La messe de la conférence des chefs d’Etat et de gouvernement de l’Union africaine est dite. Alpha Condé de la Guinée passe le témoin de la présidence tournante de l’organisation à Paul Kagame du Rwanda. Un non-événement quand on sait que c’est depuis juillet 2017 que la candidature du président rwandais à la présidence de l’UA a été actée par ses pairs.

Ce 1er sommet de 2018 aura donc donné dans le lieu commun en attendant le second en juillet, si jamais il a lieu. En effet, parmi les propositions faites par la commission Kagame qui était chargée de réfléchir sur une réforme de l’institution, figure en bonne place la suppression de l’organisation de deux sommets par an. De toutes les mesures préconisées par cette commission pour faire des économies ou augmenter les recettes de l’UA, cette dernière semble la plus facile à appliquer. Il suffirait que les chefs d’Etat l’entérinent. A l’opposé, la plus difficile sera d’imposer une taxe de 0,2% sur les produits étrangers importés sur le continent. Bien des chefs d’Etat sont contre la mesure sans qu’on sache trop si c’est la proposition qui déplaît ou si c’est la personne du président Kagame qui pose problème. Peut-être les deux à la fois car taxer tous les produits non africains importés, c’est instaurer  de fait un protectionnisme et on aura aussi noté que le président Kagame a brillé par un manque de concertation avec ses pairs avant  que la commission des réformes ne mette cette proposition sur  le tapis. Il faudra donc du doigté au nouveau président  de l’UA pour faire avaliser cette taxe alors que justement  certains redoutent qu’il veuille diriger l’organisation panafricaine d’une main de fer, comme il le fait du Rwanda.

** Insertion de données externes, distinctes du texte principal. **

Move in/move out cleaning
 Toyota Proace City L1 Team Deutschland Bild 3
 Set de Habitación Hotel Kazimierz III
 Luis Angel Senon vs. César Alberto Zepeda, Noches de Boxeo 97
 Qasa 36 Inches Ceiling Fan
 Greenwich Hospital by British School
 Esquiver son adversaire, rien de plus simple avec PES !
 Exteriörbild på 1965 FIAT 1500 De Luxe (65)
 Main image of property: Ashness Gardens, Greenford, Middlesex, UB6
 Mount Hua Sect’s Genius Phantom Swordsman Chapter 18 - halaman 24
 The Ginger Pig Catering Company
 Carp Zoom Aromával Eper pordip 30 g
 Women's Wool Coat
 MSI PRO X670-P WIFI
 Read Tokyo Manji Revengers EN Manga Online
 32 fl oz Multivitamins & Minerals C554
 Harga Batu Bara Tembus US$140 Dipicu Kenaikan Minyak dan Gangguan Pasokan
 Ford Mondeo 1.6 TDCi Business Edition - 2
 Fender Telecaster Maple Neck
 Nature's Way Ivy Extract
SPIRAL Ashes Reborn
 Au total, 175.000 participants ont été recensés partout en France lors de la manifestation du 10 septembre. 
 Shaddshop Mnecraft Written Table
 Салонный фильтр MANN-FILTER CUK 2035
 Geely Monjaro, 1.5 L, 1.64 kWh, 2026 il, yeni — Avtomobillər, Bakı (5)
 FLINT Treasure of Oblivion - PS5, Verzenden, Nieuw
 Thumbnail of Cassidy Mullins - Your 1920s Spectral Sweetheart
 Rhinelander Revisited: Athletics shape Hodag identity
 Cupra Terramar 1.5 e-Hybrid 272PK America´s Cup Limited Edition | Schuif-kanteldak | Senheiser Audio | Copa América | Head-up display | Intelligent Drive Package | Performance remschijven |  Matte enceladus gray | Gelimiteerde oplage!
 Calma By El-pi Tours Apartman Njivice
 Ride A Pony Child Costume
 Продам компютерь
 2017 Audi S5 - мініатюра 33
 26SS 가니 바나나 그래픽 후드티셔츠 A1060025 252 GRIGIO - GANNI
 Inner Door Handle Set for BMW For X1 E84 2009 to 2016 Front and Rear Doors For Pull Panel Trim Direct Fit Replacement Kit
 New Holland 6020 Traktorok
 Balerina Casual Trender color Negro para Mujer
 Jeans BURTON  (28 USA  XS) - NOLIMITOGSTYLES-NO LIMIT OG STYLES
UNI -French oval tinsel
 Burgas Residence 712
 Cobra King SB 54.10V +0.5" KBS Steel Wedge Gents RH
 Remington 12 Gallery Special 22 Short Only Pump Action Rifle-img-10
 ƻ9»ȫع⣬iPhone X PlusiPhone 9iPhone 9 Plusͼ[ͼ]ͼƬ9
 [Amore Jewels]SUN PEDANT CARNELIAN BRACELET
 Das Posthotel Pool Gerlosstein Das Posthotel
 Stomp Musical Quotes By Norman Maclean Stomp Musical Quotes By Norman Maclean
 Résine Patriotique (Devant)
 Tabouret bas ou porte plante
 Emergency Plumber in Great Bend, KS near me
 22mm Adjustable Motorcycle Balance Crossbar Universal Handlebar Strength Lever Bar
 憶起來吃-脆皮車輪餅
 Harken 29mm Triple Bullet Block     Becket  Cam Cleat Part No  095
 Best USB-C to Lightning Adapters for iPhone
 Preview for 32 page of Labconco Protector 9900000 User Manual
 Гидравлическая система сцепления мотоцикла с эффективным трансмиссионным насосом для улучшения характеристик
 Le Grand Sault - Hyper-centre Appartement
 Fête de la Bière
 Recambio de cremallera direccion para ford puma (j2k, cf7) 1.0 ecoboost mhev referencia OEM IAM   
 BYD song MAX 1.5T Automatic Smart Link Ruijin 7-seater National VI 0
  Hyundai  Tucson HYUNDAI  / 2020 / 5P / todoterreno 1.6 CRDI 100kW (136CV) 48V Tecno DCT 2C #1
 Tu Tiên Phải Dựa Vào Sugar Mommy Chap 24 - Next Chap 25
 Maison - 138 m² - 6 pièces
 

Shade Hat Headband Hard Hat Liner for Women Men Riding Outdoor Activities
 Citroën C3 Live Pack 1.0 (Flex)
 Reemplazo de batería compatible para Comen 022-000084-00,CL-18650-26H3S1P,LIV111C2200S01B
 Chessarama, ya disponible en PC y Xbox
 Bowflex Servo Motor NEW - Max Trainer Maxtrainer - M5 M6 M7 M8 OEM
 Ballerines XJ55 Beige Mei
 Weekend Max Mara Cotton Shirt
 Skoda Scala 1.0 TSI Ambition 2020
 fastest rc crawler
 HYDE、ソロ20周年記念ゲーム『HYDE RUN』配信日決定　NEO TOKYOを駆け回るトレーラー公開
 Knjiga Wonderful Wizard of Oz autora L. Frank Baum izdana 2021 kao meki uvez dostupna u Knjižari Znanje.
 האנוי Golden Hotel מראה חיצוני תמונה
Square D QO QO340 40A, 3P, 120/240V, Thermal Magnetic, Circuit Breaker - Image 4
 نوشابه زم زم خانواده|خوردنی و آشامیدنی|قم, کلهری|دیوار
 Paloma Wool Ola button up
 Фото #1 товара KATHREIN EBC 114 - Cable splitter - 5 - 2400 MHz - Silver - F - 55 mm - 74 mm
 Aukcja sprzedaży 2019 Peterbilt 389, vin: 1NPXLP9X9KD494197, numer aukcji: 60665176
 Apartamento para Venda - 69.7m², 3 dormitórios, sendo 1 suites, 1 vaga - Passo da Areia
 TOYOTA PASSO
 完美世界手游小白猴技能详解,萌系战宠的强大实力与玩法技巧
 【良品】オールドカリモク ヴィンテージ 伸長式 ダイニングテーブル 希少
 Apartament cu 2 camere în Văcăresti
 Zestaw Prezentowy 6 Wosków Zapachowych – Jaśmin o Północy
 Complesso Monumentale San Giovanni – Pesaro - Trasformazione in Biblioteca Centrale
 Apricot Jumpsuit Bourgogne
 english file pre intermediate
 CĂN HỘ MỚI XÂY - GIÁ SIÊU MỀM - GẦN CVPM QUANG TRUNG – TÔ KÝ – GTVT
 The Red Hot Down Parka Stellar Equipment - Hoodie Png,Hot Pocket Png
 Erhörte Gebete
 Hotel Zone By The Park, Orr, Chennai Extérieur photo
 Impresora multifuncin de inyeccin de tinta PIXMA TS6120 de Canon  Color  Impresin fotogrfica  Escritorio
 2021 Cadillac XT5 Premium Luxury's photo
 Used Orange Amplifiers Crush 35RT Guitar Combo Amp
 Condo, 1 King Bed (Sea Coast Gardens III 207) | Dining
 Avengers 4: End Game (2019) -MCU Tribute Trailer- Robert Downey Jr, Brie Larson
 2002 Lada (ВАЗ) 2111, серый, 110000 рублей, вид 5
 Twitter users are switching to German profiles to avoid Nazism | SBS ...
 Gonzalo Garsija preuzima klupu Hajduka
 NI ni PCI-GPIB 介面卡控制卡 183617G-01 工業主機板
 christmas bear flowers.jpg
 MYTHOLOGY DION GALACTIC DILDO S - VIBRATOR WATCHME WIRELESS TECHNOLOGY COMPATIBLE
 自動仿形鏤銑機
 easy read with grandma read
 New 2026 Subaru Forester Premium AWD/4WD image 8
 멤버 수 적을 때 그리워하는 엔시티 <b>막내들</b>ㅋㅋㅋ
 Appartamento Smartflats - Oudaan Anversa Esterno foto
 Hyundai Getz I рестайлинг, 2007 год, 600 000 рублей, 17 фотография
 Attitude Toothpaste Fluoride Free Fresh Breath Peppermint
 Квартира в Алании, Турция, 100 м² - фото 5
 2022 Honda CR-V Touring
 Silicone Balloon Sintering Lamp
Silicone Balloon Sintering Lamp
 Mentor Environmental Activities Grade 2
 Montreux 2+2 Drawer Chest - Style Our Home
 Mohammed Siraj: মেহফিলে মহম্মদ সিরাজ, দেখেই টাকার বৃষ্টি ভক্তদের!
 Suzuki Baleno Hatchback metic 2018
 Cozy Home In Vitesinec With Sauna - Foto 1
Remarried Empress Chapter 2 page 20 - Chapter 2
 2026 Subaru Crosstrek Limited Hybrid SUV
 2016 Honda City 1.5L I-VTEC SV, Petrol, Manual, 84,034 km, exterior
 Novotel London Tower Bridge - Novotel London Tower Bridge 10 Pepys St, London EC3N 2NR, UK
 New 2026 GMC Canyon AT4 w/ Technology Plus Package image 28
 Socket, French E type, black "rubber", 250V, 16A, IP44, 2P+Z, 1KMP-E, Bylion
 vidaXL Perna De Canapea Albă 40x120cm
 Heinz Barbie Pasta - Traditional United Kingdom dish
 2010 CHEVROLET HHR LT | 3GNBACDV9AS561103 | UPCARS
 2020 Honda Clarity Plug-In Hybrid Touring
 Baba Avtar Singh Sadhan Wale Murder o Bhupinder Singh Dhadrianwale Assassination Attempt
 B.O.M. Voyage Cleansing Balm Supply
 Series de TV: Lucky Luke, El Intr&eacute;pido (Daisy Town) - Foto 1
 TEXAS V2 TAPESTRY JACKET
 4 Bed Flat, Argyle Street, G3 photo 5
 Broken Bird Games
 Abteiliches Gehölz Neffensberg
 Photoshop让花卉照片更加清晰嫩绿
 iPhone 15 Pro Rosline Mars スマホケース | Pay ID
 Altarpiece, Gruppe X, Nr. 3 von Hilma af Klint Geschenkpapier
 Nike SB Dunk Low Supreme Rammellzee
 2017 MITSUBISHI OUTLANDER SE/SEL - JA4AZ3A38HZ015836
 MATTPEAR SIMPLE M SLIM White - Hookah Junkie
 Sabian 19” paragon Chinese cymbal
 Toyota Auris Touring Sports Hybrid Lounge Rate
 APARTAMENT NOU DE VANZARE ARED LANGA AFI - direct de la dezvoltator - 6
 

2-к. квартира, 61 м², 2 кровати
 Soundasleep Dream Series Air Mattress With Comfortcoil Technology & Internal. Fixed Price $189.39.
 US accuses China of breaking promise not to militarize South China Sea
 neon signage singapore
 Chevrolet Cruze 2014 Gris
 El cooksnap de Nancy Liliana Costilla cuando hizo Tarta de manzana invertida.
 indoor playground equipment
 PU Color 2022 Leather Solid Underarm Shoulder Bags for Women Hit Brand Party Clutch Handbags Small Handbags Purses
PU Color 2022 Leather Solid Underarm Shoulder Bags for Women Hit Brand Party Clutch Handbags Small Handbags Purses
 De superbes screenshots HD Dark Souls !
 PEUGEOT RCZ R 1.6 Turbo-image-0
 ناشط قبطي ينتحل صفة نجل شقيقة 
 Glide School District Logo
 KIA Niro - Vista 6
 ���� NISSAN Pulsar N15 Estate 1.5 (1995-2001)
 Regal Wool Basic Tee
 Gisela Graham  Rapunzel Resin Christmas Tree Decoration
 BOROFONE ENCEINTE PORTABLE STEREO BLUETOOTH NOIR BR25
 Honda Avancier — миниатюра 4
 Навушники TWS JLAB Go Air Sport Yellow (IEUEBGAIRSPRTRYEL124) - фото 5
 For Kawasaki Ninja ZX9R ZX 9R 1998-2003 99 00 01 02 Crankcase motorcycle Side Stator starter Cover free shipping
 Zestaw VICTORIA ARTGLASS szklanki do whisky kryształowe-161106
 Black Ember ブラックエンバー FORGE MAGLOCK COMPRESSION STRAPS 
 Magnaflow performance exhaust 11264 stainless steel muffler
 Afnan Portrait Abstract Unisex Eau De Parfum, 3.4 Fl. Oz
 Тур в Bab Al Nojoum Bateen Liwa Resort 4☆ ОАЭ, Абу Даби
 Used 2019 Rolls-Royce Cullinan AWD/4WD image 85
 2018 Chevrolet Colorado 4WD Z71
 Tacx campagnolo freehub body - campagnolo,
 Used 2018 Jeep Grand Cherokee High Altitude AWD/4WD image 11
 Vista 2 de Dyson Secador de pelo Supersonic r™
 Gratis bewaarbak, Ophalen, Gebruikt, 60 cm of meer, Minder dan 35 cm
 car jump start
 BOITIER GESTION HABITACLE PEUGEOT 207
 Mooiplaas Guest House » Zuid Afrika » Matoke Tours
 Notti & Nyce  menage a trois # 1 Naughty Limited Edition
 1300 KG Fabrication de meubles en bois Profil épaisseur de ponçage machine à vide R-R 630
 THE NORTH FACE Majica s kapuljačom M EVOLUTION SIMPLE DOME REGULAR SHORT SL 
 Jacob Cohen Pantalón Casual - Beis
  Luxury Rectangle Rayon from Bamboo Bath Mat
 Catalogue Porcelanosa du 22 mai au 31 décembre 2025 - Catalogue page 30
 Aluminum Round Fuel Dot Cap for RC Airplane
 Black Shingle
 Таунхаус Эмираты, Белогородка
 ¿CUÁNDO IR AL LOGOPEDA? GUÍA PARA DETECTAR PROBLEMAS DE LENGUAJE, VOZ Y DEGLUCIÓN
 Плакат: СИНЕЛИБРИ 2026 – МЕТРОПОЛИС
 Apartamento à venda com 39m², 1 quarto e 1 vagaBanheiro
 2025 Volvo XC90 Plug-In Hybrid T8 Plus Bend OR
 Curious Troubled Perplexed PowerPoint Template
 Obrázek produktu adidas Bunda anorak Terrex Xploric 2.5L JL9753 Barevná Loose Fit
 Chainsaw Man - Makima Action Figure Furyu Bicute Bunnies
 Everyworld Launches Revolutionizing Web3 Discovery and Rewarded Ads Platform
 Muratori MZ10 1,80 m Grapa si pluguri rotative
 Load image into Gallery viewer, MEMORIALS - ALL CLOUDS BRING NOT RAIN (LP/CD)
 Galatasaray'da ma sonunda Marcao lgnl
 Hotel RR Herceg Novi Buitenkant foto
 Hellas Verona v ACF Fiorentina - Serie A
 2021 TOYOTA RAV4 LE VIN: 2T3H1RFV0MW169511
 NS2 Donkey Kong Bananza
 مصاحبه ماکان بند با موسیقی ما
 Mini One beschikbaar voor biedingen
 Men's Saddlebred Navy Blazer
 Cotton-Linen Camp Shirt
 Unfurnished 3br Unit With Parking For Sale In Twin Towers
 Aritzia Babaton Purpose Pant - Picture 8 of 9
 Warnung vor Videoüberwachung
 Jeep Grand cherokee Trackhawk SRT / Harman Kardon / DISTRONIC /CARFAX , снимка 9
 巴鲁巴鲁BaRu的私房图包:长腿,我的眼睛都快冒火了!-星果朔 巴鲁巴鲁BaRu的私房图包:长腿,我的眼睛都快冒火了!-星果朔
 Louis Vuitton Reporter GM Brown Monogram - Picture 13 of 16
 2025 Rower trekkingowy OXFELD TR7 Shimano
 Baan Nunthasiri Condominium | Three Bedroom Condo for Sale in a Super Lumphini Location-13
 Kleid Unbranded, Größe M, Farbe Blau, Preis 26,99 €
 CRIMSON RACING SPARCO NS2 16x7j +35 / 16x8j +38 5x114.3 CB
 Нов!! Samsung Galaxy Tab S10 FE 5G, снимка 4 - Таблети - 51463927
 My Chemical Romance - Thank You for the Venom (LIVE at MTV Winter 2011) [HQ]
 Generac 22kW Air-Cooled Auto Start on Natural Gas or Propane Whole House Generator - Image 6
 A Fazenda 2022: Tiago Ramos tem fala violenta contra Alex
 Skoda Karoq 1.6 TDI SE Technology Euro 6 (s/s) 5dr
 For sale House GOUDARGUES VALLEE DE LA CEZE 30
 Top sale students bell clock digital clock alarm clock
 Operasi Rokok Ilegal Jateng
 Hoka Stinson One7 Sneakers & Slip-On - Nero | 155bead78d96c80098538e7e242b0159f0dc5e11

On attend de voir non sans faire remarquer que, taxe nouvelle ou pas, il faut bien trouver des solutions de financement à ce machin de l’UA, très budgétivore, dont les ressources sont constituées à 80% par des subventions des pays du Nord.  Pour des Etats qui se disent indépendants depuis 50 à 60 ans, c’est le comble du ridicule qui tranche avec ces discours grandiloquents qu’on nous donne d’entendre à chaque sommet de l’UA. Paul Kagame, qu’on l’aime ou pas, a donc raison de vouloir imposer une taxe régalienne afin d’aider l’UA à se prendre totalement en charge, au lieu de toujours tendre la sébile en espérant le regard compatissant d’un quelconque donateur, pas toujours désintéressé. C’est le prix à payer pour que l’organisation cesse d’être un exutoire de l’avant-gardisme panafricain avec des conférences de chefs d’Etat qui se suivent et se ressemblent par les discours enfiévrés d’envolées lyriques, de résolutions à la pelle, de petites phrases savantes sans que pour autant cela améliore la situation socio-économique des populations africaines.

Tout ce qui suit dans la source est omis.